On Friday, Tijuana Mayor Juan Manuel Gastelum said he would not have the city residents bear the burden of sustaining asylum seekers arriving from Central America because the city was already suffering from a humanitarian crisis.
Last week, the Mexican Interior Ministry said that around 5,600 migrants from Honduras, Guatemala and El Salvador had reached the towns of Tijuana and Mexicali both located just across the border with the United States.
Antonio Cimota, 36, is an organizer of Mexicanos Unidos, a group opposing the migrant caravan. He helped organize a large protest in Tijuana on Sunday against the arrival of the convoy from Central America.
Cimota told Sputnik that the caravan had disrupted cross-border travel and littered the community.
"The border has been closed for short periods of time causing lots of heavy traffic and a division within our community because as much as we have the opposition to this caravan we also have supporters in the community," Cimota said. "We had them [caravan members] camping out in Playas de Tijuana [a tourist area] and [they] left us trash. A foul smell of urine, and donated goods were left behind."
He also pointed out that many of his friends who cross the border daily have been discouraged to do so because of the hours-long waiting lines.
It is frowned upon how the migrants in the caravan forced their way into Mexico on the border with Guatemala, Cimota added.
Ome more Mexico's national, Oscar Dioses, 27, of Tijuana, told Sputnik that he accepts US President Donald Trump’s efforts to protect US citizens especially considering the failure of the Mexican government to address the crisis.
"Our government in Mexico… does not take any action to solve this migration [issue] and take a census of people who arrived in the country and are receiving help from our taxes," Dioses said.
Over the weekend, hundreds of residents in Tijuana clashed with police and pro-migrant demonstrators, local media reported.

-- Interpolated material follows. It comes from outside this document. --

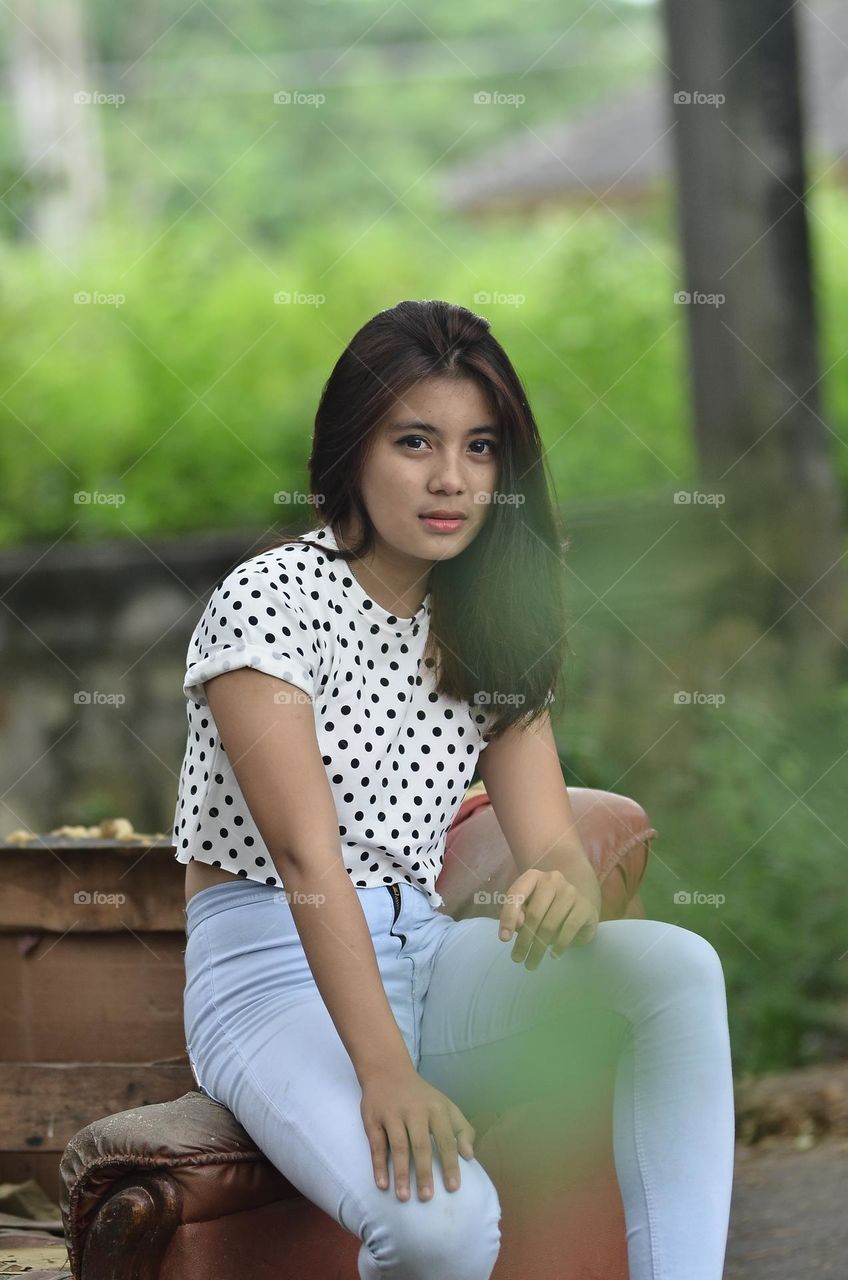 a beautiful girl is posing in casual clothes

Meanwhile, Trump has ordered the deployment of 5,900 military troops at the southern border to deter migrants from crossing it.
The White House on Tuesday authorized the troops to use lethal force against illegal migrants if needed.
Cimota said he does not support Trump but believes that the US president has a right to protect the United States and its citizens.
However, Cimota emphasized that force should not be used against innocent people.
"What we should be doing is trying to find a way to resolve the situation in a humanitarian way, this is, in my opinion, a politically-influenced movement that is affecting the people of Mexico," Cimota said.
Although some have speculated that Mexicans have shown hostility toward the migrants due to bigotry, Dioses rejected the notion.
"My opposition to the migrant caravan is nothing in relation to racism or xenophobia," Dioses said. "It’s just expressing my dissatisfaction with the Mexican government."
On Tuesday, a US district judge in San Francisco blocked a proclamation signed by Trump that bars migrants from applying for asylum if they enter the United States without authorization. The presidential order was challenged by several advocacy groups, including the American Civil Liberties Union.
Mexico is working to create a program aimed at providing job opportunities to the people from the migrant caravans who have arrived in the country, Mexican Ambassador to the United States Geronimo Gutierrez told Sputnik on Tuesday.